A digital financial services provider, this corporation supplies its financial services customers with a data aggregation and data analytics platform. Thousands of companies, including many of the largest U.S. banks, subscribe to this company’s platform to power personalized financial apps and services.
Digital Financial Services Provider Grows Robustness, Security, and Optimizes AWS Costs
• Assure new product is highly available
• Ensure security and compliance
• Effectively optimize costs
This company has started a new product that offers a large revenue opportunity. With demand growing quickly and the service evolving rapidly, this company needed to make sure that the new product was highly available, while ensuring data security and optimizing for cost.
Already working in AWS, this firm called in AWS Consulting Partner, Flux7, to help expand upon its infrastructure to address its product challenges. Specifically, the product is being offered in the form of panels to this firm’s customers, with a small number of standard panels that its customers can choose from. Panels are delivered either as files in S3 buckets or as a RedShift cluster account for them to be able to query the data using Tableau on their desktop.
With growing demand, it was important that the system supporting the panels had high availability and a failover plan in order to consistently deliver panels promised on-demand. To answer these concerns, Flux7 recommended a series of changes to how the company operated. First, it created a disaster recovery plan with the use of multiple AWS Availability Zones (AZ) to ensure that the service could still be accessible and available should a downtime event occur. With the vast majority of its servers located in a single AZ, this was a critical first step.

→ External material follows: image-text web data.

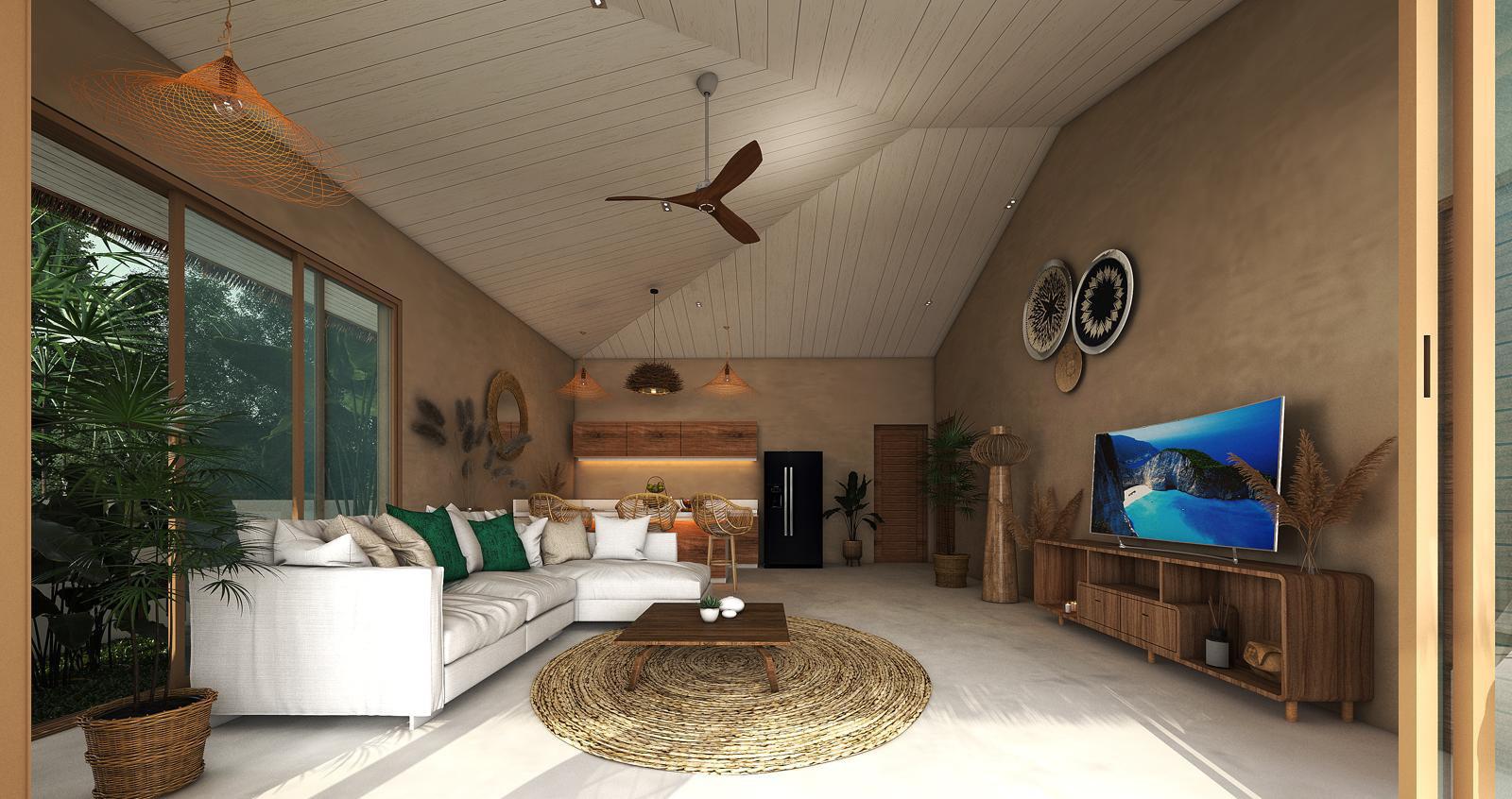 Квартира, апартаменты, 3 комн., Самуи - Фото 11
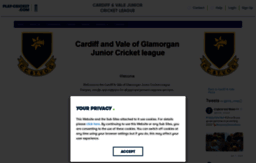 cardiffandvalejunior.play-cricket.com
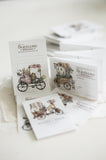 Traveling Stationer - Accordion Memo Sheets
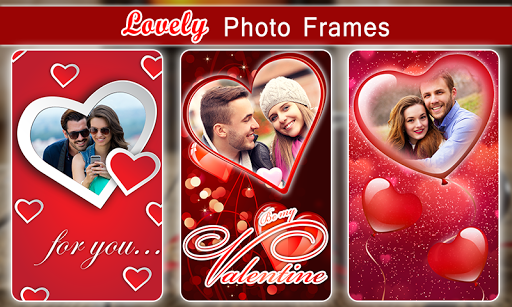 Lovely Photo Frames Screenshot 1 - AppWisp.com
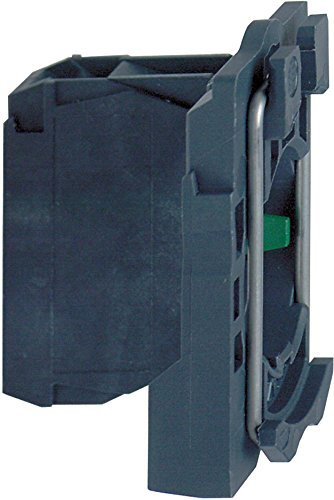 Schneider ZB5AZ1013 Hilfsschalterblock 1S, einfach m. Befestigungsflansch, Flachsteckanschluss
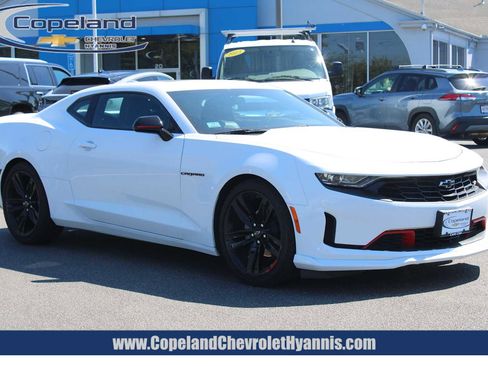 Used 2021 Chevrolet Camaro LT w/ Redline Edition RWD image 1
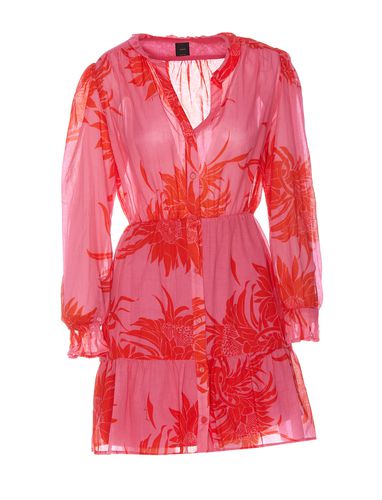Pinko Macroflower Print Short Dress - Pinko - Modalova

Following that, the team introduced Infrastructure as Code to the environment with automation driven by a trio of technologies: CloudFormation, the AWS CLI, and Jenkins. CloudFormation enables the team to use automation to easily create infrastructure. It can create backups with the AWS CLI. And, Jenkins enables scripting to automate continuous integration. As Flux7 helped this organization automate its processes, it also grew availability by removing risk in the process as automation removes the potential for fat finger and similar errors. And, this level of automation allows the software development team to much more easily add new features and functionality for greater customer satisfaction and future product robustness.
Taking automation to the next level, Flux7 helped set up ‘easy buttons’ for starting and stopping environments, giving the team greater control and agility. And, it established AWS Lambda for S3 Polling, allowing batch and real-time enrichment to behave similarly for the financial services organization. Last, working together, the two teams implemented autoscaling lifecycle events for autoscaling groups, which allowed them to create hooks for additional robustness in the system, and create a foundation that helped tee the ball for cost optimization.

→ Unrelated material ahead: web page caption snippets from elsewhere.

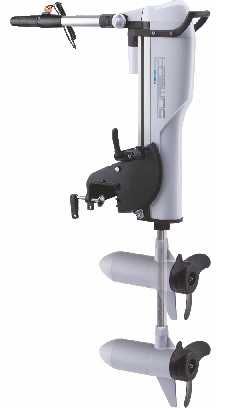 Silnik zaburtowy elektryczny Haswing Comax N 55 lbs Maximizer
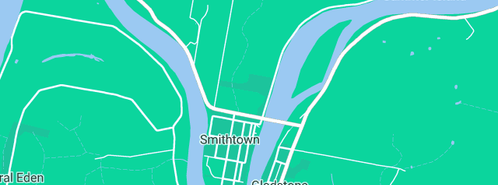 Map showing the location of Work From Home Business in Smithtown, NSW 2440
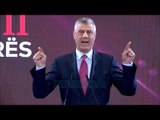 Thaçi: Shkëmbim territoresh, vetëm nëse kalohet mbi trupin tim - News, Lajme - Vizion Plus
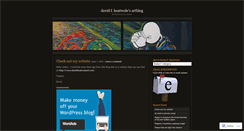 Desktop Screenshot of davidheatwole.wordpress.com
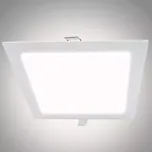 Nástěnné svítidlo 15W 4200K NW TR čtvercové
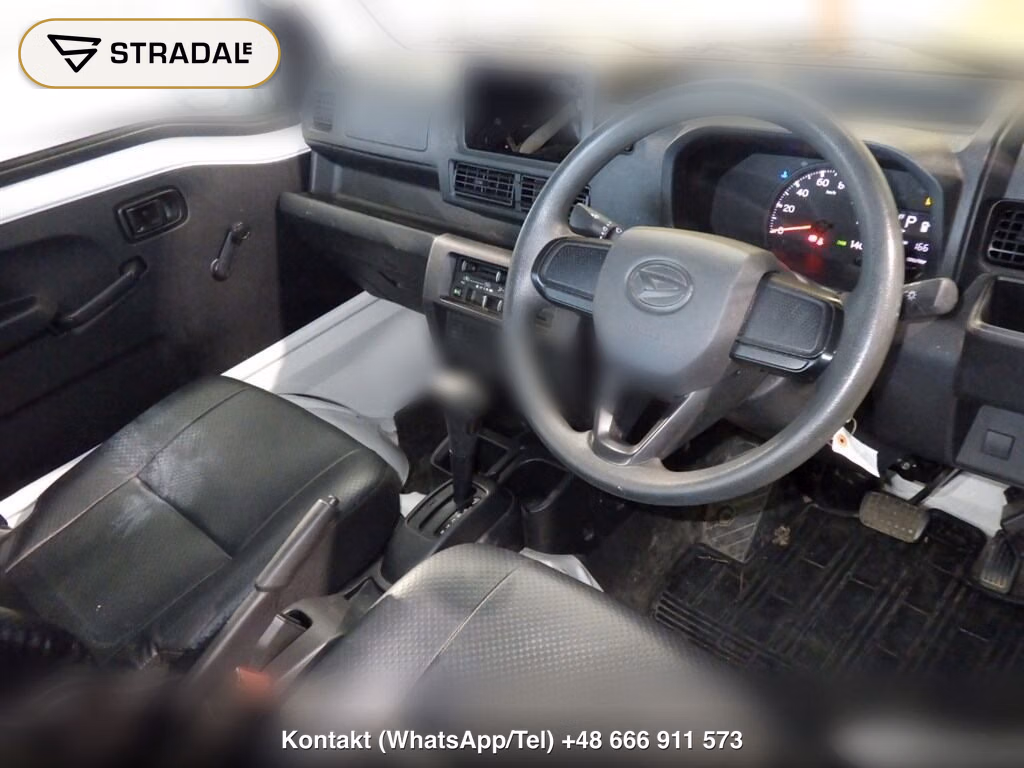 DAIHATSU HIJET TRUCK 4WD JUMBO STANDARD, miniaturka 4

Once the teams set up AWS autoscaling, it was much easier to reach the firm’s two cost-related goals: to have no idle servers; and to make the most effective possible use of AWS pricing models, like reserved and spot instances. To ensure this financial industry company was maximizing the use of its AWS resources, Flux7 closely monitored the firm’s existing servers and clusters for use and demand. In doing so, it became apparent that the company had a large number of servers with utilization below 50 percent.
After watching for daily activity, Flux7 made several recommendations to optimize this firm’s servers, again ensuring that it was not paying for resources it didn’t need and wasn’t using. It conducted the same exercise with the firm’s clusters, designing autoscaling such that the firm saved costs by only paying for resources it needed, when they were needed. Last, Flux7 recommended that this organization implement Elasticsearch with high replication as it lends itself to the use of spot instances. In a hybrid cluster where a fraction of them can use Spot instances, it is possible to see a savings of 20 to 30 percent.
This organization already had a diligent security team who was creating AWS policies to ensure systems met regulatory standards and the strict security policies of its customers. To increase security further, Flux7 instituted several changes that immediately tightened security controls at this firm:
• Strengthened this firm’s passwords, instituted multifactor authentication, and restricted access by IP.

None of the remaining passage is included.